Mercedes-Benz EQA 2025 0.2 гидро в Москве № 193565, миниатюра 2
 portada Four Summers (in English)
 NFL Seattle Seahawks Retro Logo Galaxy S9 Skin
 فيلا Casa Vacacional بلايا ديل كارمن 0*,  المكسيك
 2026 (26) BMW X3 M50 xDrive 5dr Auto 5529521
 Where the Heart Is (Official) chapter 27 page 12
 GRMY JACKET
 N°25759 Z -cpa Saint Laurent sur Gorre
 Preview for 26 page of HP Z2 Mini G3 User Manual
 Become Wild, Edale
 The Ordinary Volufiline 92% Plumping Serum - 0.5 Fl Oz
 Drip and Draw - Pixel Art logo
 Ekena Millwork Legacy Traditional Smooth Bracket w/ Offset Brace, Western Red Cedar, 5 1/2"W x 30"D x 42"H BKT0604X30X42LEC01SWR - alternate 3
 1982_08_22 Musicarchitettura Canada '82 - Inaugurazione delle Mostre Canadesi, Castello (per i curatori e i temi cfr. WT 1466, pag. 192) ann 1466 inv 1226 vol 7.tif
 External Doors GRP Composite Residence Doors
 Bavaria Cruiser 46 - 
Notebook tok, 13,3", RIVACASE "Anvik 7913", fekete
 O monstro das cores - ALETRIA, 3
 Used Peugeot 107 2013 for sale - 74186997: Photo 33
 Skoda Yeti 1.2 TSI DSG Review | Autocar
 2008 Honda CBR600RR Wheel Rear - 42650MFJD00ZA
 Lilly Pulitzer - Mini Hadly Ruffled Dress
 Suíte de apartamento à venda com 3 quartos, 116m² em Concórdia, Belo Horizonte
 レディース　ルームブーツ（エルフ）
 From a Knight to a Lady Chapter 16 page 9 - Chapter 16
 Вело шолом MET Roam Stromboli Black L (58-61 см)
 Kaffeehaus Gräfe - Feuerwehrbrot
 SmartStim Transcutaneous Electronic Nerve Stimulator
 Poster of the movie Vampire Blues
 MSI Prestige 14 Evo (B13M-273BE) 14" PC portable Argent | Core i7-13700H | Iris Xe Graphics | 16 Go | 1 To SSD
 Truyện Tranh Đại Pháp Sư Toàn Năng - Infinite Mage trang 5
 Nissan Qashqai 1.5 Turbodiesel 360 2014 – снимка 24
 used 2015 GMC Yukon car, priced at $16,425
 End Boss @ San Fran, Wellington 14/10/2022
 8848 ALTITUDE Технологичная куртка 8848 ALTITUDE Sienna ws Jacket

======

• Task requirements: Select, from the listing, all lines that include the word "page".

• Exercise output:
 Where the Heart Is (Official) chapter 27 page 12
 Preview for 26 page of HP Z2 Mini G3 User Manual
 From a Knight to a Lady Chapter 16 page 9 - Chapter 16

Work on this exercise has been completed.